ソロの方が協力を頼みやすいというのはその通りだ。だからツェルミラが喜ぶのは分かる。ならザガムが残念がっているのは、パーティごと誘うつもりだったからだろうか?
「少年、そのハーフリングの名と特徴は?」
「チッカ。赤髪で、タンポポみたいな色の瞳をしてて、ちょっとそばかすがある感じ。ハーフリングにしては高いって言ってたけれど、僕よりも身長は低いかな」
聞かれて、答える。これから紹介するのだし、外見は言ってもいいはず。
それを聞いてきたのはザガムだった。けれど反応したのはツェルミラだった。
「へぇ、今はチッカって名乗ってるんだ」
その何気ない声に、強い違和感を抱く。……いや、声ではなく口調か。
低くて落ち着く女性の声音はツェルミラのもの。なのにいつもの丁寧な言葉遣いではなくて、でも妙に馴染んだ話し方。
なによりその口ぶりは、まるで……―――
「ああ、昔の名前は捨てたんだ。

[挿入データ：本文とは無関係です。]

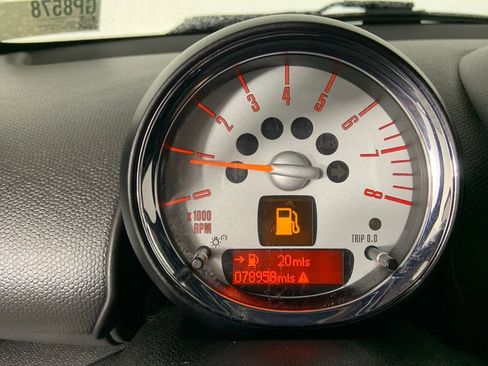 Used 2013 MINI Cooper Countryman S image 28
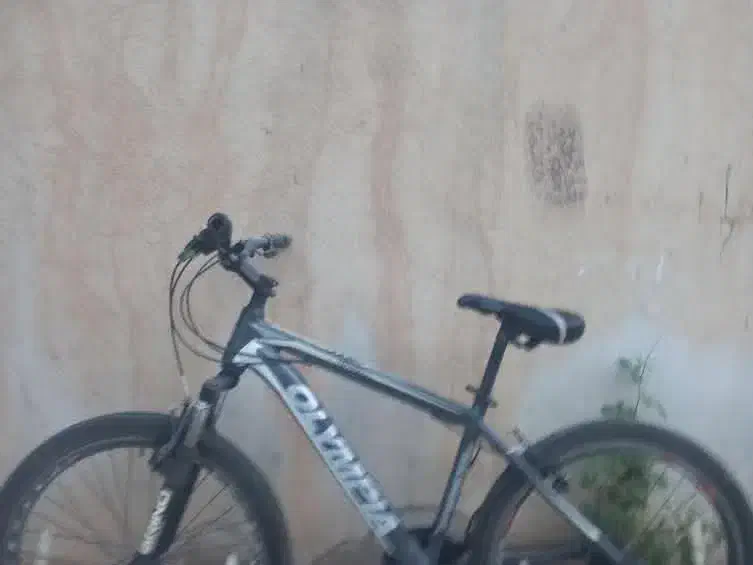 دوچرخه سا لم سایز ۲۶ المپیاد|دوچرخه، اسکیت، اسکوتر|تاکستان, |دیوار
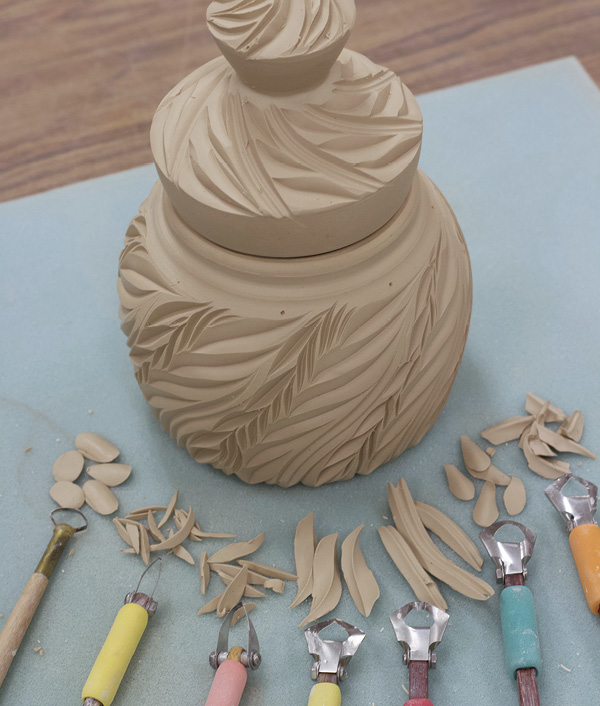 Shop the Best Ceramics, Clay & Pottery Tools – DiamondCore Tools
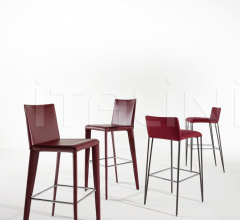 Итальянские Рестораны/Бары - Барный стул Filly too, Filly up too фабрика Bonaldo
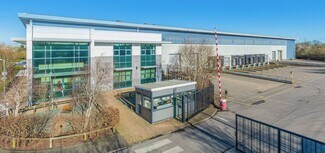 More details for 9 Poplar Way E, Avonmouth - Industrial for Lease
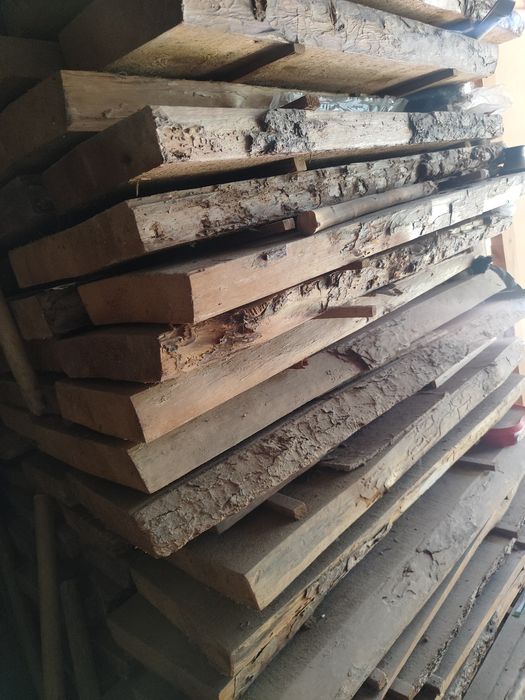 Taxta quruq razmerli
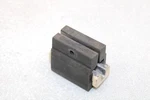 Polaris Oem Black Rubber Bump Stop Assembly 5432946 5521498 Q1301. Fixed Price $11.99.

嫌な奴らに見つからないためにね」
しかしそんな違和感は、続いた言葉に一瞬で上書きされた。
唐突に響いた嫌悪と苛立ちの声は、聞き覚えがあるのに初めて耳にしたよう。
まだ冒険者の店からは距離がある場所。家路につく人々が行き交う夕方の大通りにもかかわらず、近くに他の通行人がいないタイミング。
それはまるで、この区画だけを切り取ったかのようで。
「久しぶりだね、ザガム。それに……ツェルミラも。あれから曲のレパートリーは増えた?」
僕らの向かう先。夕陽の朱に染まる建物たちの隙間みたいな細い路地から、逆光に紛れるような赤髪がするりと現れる。
子供のように小さな姿。しかし何気ない歩き姿には大人の落ち着きがあり、音はなく、隙はなく、ただただ冷たい目だけに質感があった。
「――久しぶりチーちゃん。ああ、二つ増えたよ」
問いに微笑み、ツェルミラが答える。
それに対し、チッカは瞼を伏せた。